El propósito del presente trabajo es definir, a partir de los datos de actividad de un grupo de unidades de HaD, un indicador de cargas de trabajo que orienten la asignación de recursos profesionales en una perspectiva de trabajo diario.
Material y métodosEl presente estudio forma parte de un proyecto de investigación cuyo objetivo final es crear una herramienta para predecir las cargas asistenciales en el ámbito de HaD. Para llegar a tal fin se han realizado ya dos fases anteriores. Una revisión sistemática de la literatura14 y un estudio de consenso Delphi, tras el cual se identificaron 14 factores potencialmente relacionados con la carga asistencial22. La fase actual tiene que ver con la definición de las medidas de carga asistencial, el trabajo de campo y la descripción de los datos obtenidos.
Se recogió de forma prospectiva información de los usuarios atendidos en nueve unidades de HaD de la Comunidad Autónoma del País Vasco (CAPV) durante el periodo comprendido entre el 1 de mayo de 2021 hasta el 31 de mayo del 2021. Se incluyeron personas ≥ 18 años, que aceptaron participar y firmaron un consentimiento informado. Para cada participante se consideró solamente su primer ingreso durante el periodo de recogida. Posibles ingresos consecutivos de un mismo paciente en ese mismo periodo fueron excluidos.

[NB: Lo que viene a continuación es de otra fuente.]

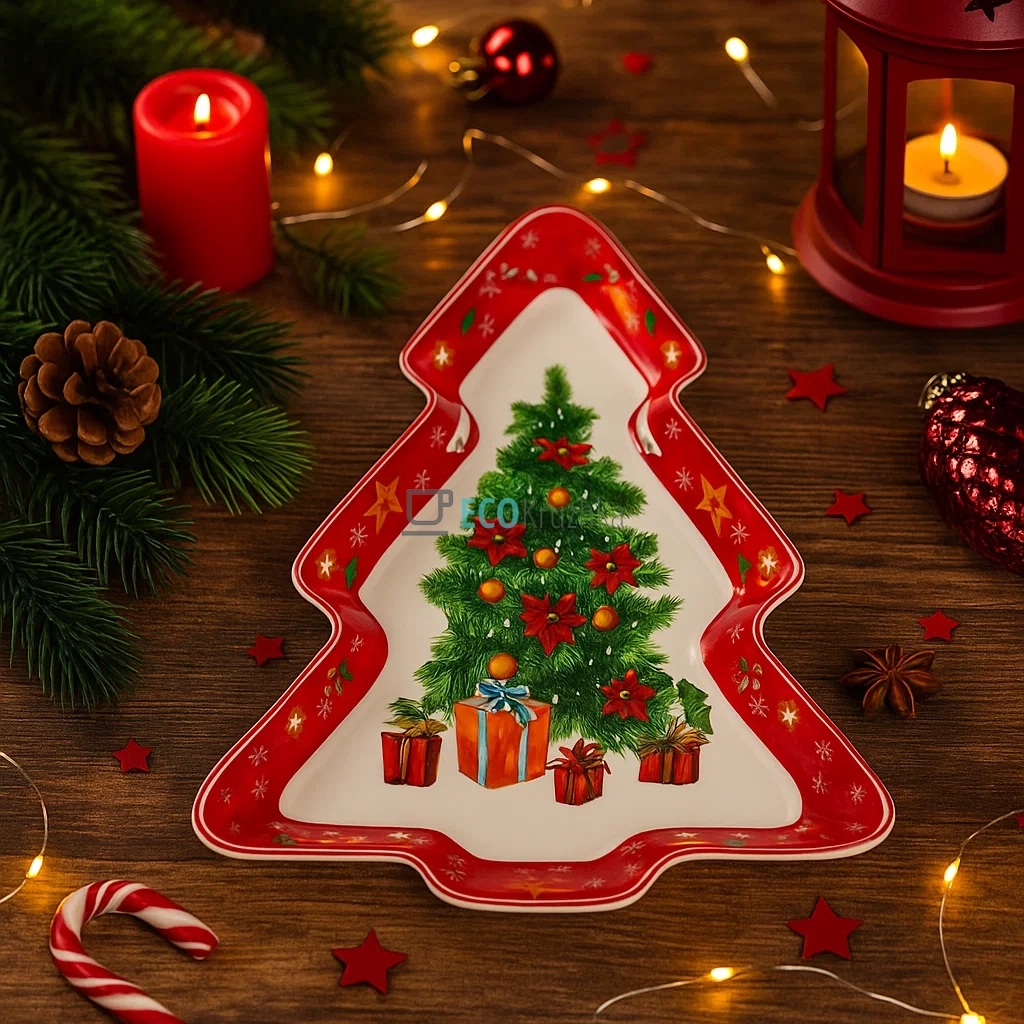 Порцелянове блюдо у формі ялинки "Святковий флер", 30.5 см (498-244) Порцелянове блюдо у формі ялинки "Святковий флер", 30.5 см (498-244)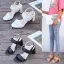Modest / Simple Ivory Street Wear Womens Sandals 2020 8 cm Thick Heels Open / Peep Toe Sandals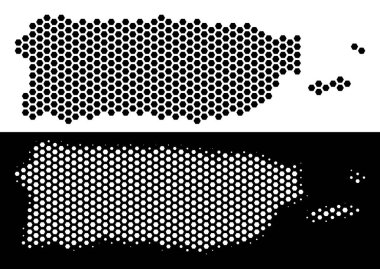 Puerto Rico harita Altıgen Karo soyutlama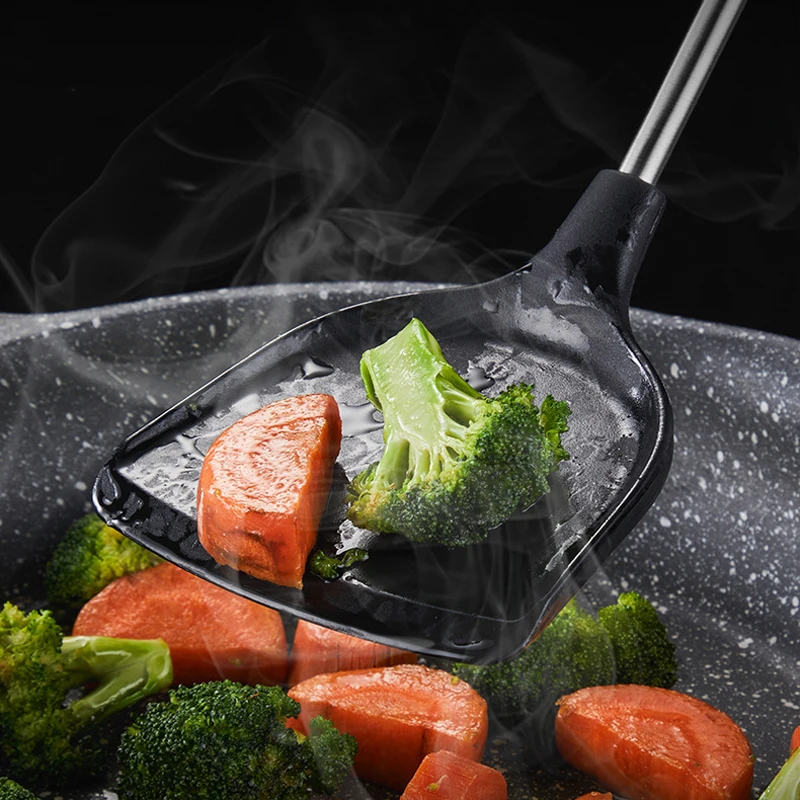 black silicone cooking appliances with stainless steel handle kitchen tools accessories soup spoon spatula nonstick cookware set free global shipping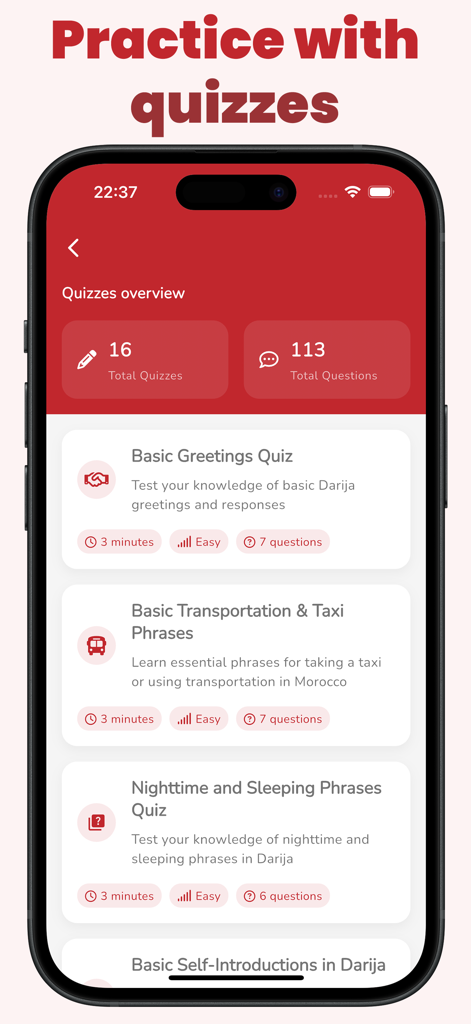 GoDarija Learn Moroccan Arabic - GoDarija app interface showing a list of Moroccan Arabic language quizzes including greetings and transportation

Medidas de carga asistencialEl trabajo que hay que dedicar a cada paciente se traduce en tiempo. En el proyecto actual se consideró inviable medir y registrar el tiempo dedicado a cada una de las tareas asistenciales que se requieren en cada ingreso (p. ej., revisar la historia clínica, escribir evolutivos, solicitar exploraciones, prescribir tratamientos etc.). Por eso se decidió recopilar el tiempo dedicado a las visitas. Como tal se consideró la suma de los tiempos de atención directa (p. ej., presencialmente a cada paciente) de los profesionales HaD más las duraciones de los desplazamientos requeridos, para cada una de las visitas. En estos desplazamientos se contemplaron tanto los desplazamientos hasta el domicilio, como los desplazamientos de vuelta al hospital, cuando correspondía. Se incluyeron en estos cálculos las visitas realizadas en el hospital y se calcularon las siguientes medidas.
La duración media de las visitas para cada paciente fue la suma de las duraciones de todas sus visitas entre el número total de las mismas. La tasa de visita (TV) fue la división del número de visitas realizadas a un paciente por el número de días que este paciente ha estado ingresado en el servicio. Esta cantidad refleja la media de visitas que requiere cada paciente al día. Es una medida utilizada anteriormente por otros autores16,17, pero no contempla la duración de las visitas. Desde el punto de vista de la asignación de recursos es muy relevante conocer el tiempo medio de trabajo que requiere cada paciente a diario y esta es precisamente la medida que propone el presente estudio. Se trata de la denominada intensidad, que se calculó al dividir el tiempo total dedicado a todas las visitas realizadas a un paciente, por el número de días que ha durado el episodio de atención en HaD.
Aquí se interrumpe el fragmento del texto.